You can train the model to do these things in the same way you can train a blind person to describe the colors of objects. But if you put them in an unknown environment or give them a texture they've never encountered before, they will have no idea how to perceive its color. This is a fundamental problem for LLMs and won't change until someone invents a method that gets rid of tokenization for good.
Wow, it used very intersting vegetables, the very common E shapped cucumber and of course, the commonplace O shapped Tomatoe with a void in the middle. Very usual vegetables, can buy them in any grocery store.
Sometimes I wonder if anything can actually impress anyone on this site.
Words have plagued image gen since the start. Now there is an image model that, with an extremely simple prompt, does an awesome job with words.
If they expanded their prompt and played with a few seeds until an image with perfectly realistic vegetables were generated, I wonder what the next complaint would be.
When I see the prompt "the word HELLO spelled out in vegetables", I expect realistic vegetables being assembled into the appropriate shapes, such that e.g. the O is made of many different vegetables arranged in a circle.
I can’t see the pick in the shared link but when I tried with 4o it gave me HIIILO
EDIT: maybe it’s influenced by my custom instructions and memories. I write code all day with it and I have custom instructions specifically to get the type of output I like for code, mostly focused on brevity.

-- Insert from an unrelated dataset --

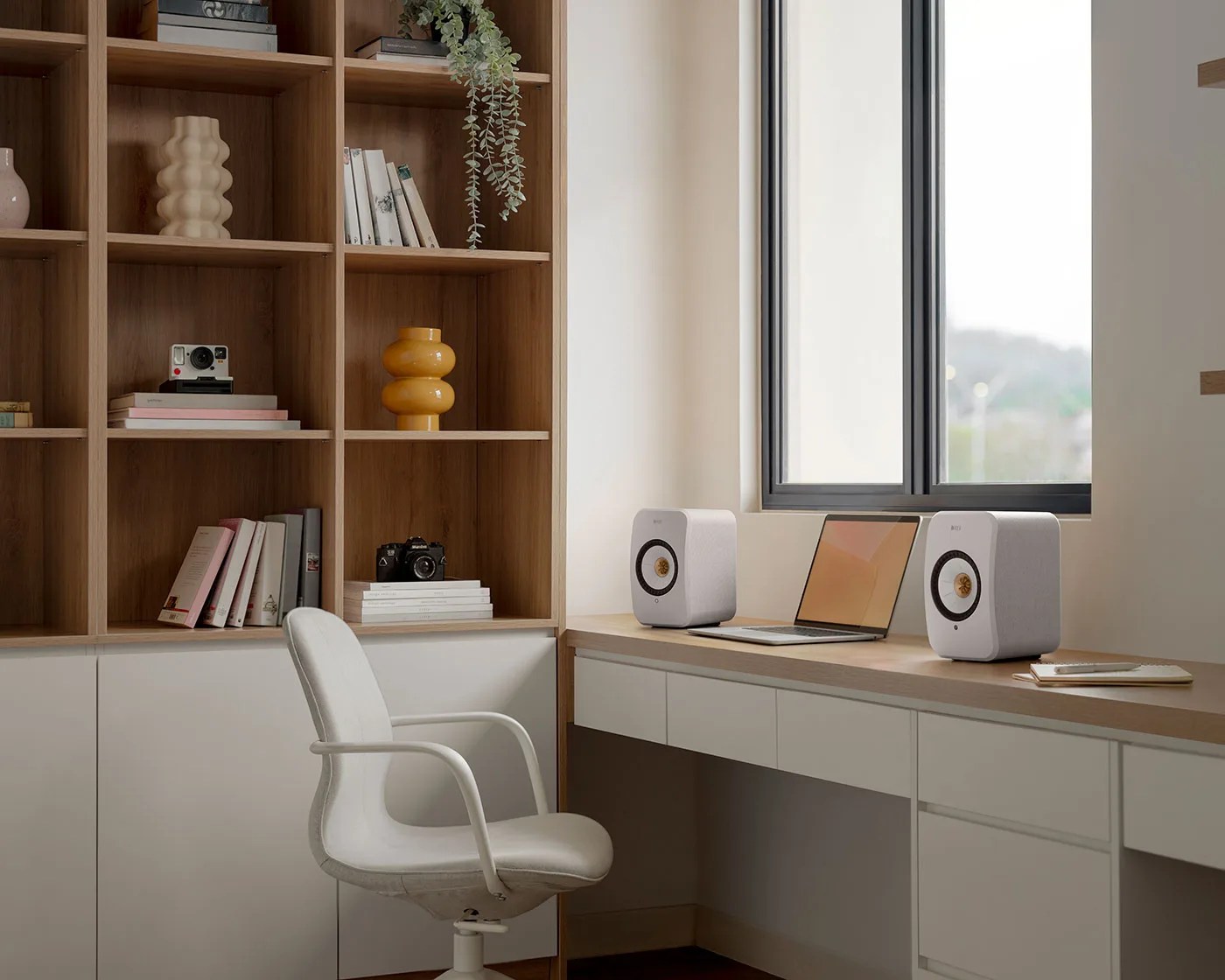 Modern home office with white swivel chair, wooden desk with laptop and two white speakers, and wooden shelving with books and decor.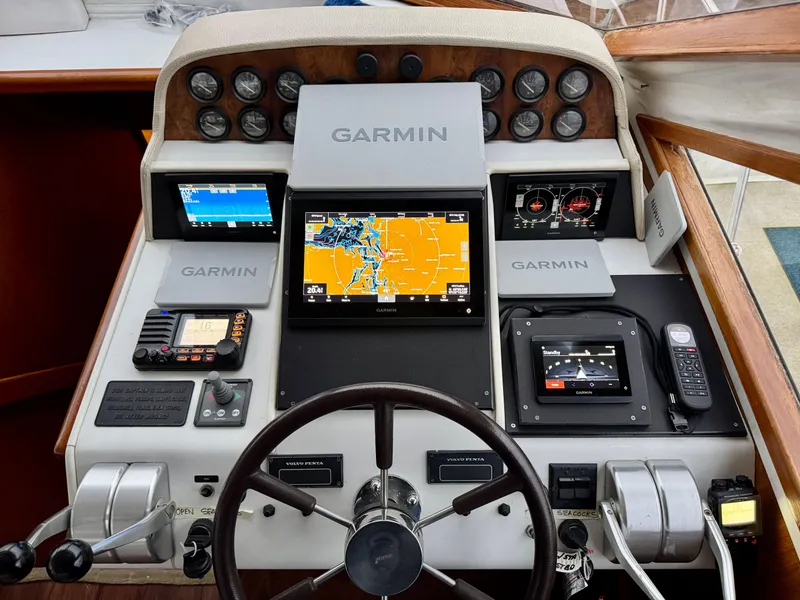 Slide: The Image of Navigator 5000 Classic 1993 helm with Garmin navigation system and control panel. - 46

Case in point: the other day my daughter was doing a presentation and she said "Dad can you help me find a picture of the word HELLO spelled out in vegetables?"
I was like "CAN I!!?!?! This sounds like a job for ChatGPT".
I'll tell you what: ChatGPT can give you a picture of a cat wearing a space suit drinking a martini but it definitely cannot give you the word HELLO spelled out in vegetables.
I ended up getting it to give me each individual letter of the alphabet constructed with vegetables and she pasted them together to make the words she wanted for her presentation.